(Beginning of Supplied data)

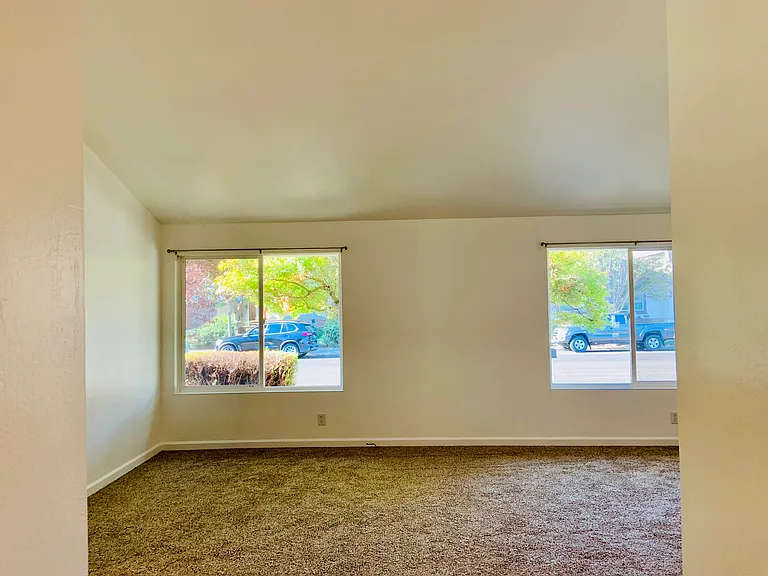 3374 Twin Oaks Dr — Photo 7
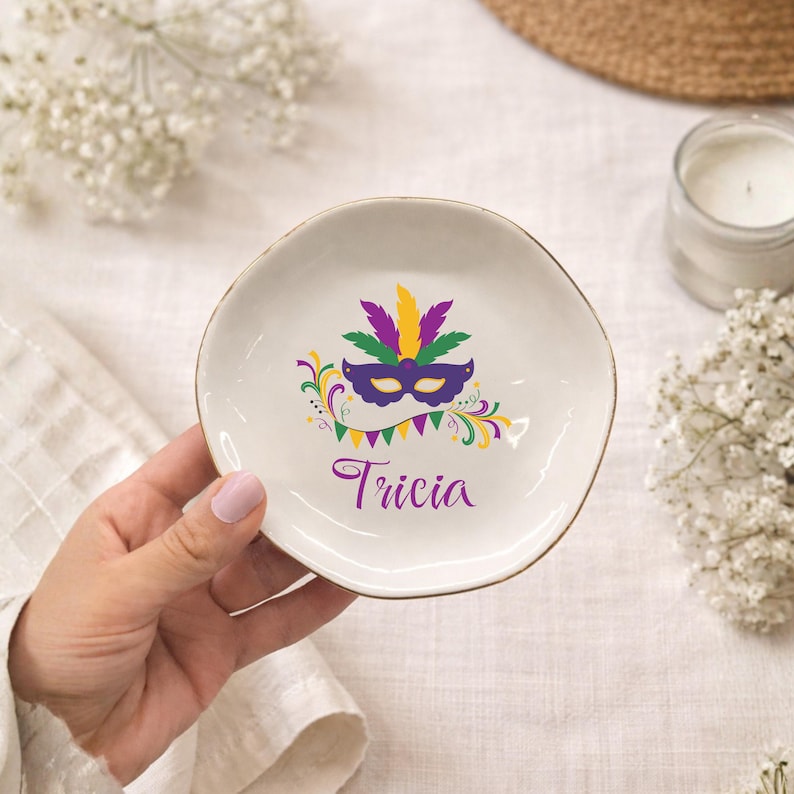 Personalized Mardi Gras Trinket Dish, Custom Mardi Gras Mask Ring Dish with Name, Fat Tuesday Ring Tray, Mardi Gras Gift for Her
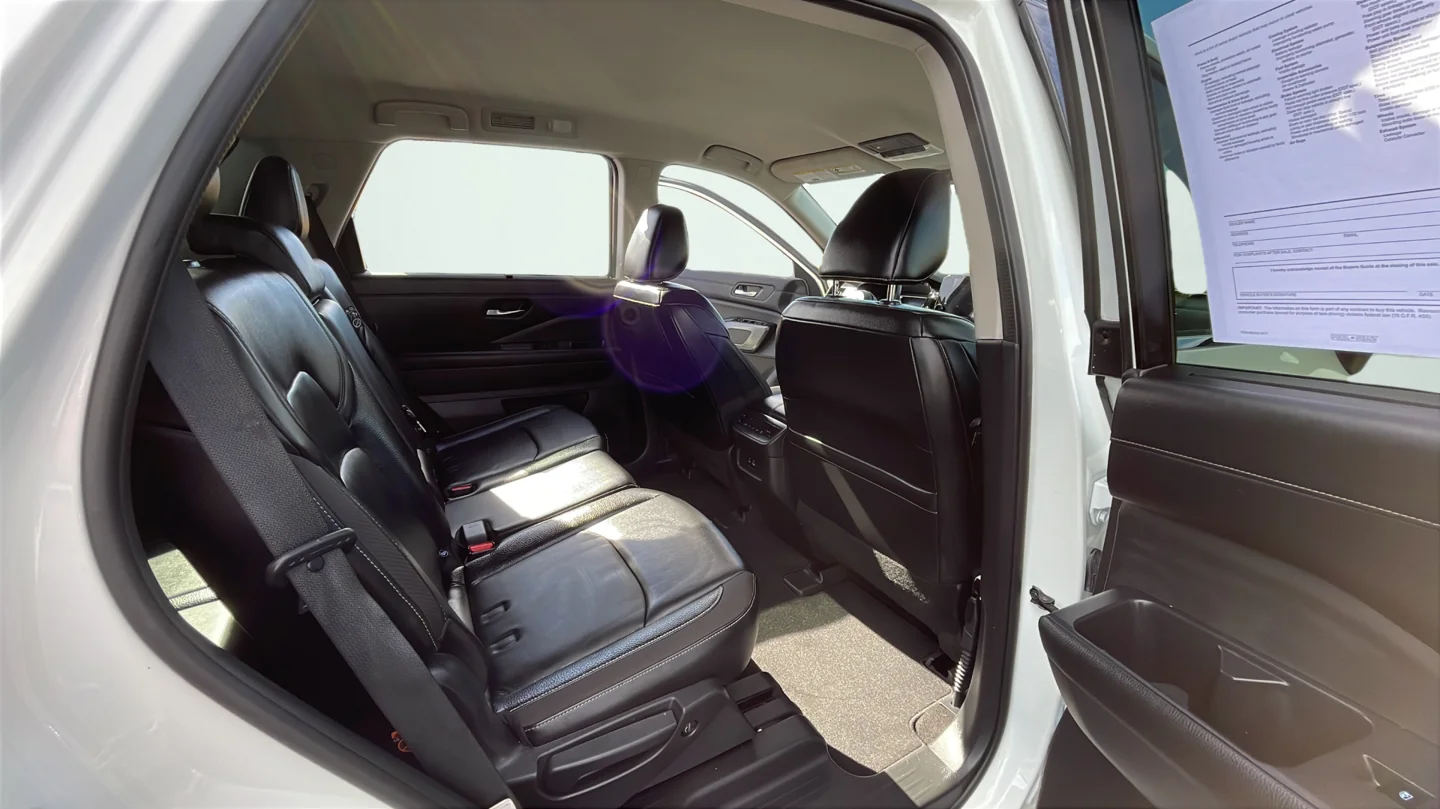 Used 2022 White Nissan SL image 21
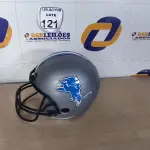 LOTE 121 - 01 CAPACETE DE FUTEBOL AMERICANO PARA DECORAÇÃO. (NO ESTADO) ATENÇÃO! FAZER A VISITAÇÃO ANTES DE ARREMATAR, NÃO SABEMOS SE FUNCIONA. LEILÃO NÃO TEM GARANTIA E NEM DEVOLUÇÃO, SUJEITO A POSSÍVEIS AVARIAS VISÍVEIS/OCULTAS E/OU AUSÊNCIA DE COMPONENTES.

(End of Supplied data)

§ **Task requirements**
Output the data above exactly, beginning at its first line and ending with the line that holds "Used 2022 White Nissan SL image 21". Leave out the pictures and add nothing.

§ **The completed task**
 3374 Twin Oaks Dr — Photo 7
 Personalized Mardi Gras Trinket Dish, Custom Mardi Gras Mask Ring Dish with Name, Fat Tuesday Ring Tray, Mardi Gras Gift for Her
 Used 2022 White Nissan SL image 21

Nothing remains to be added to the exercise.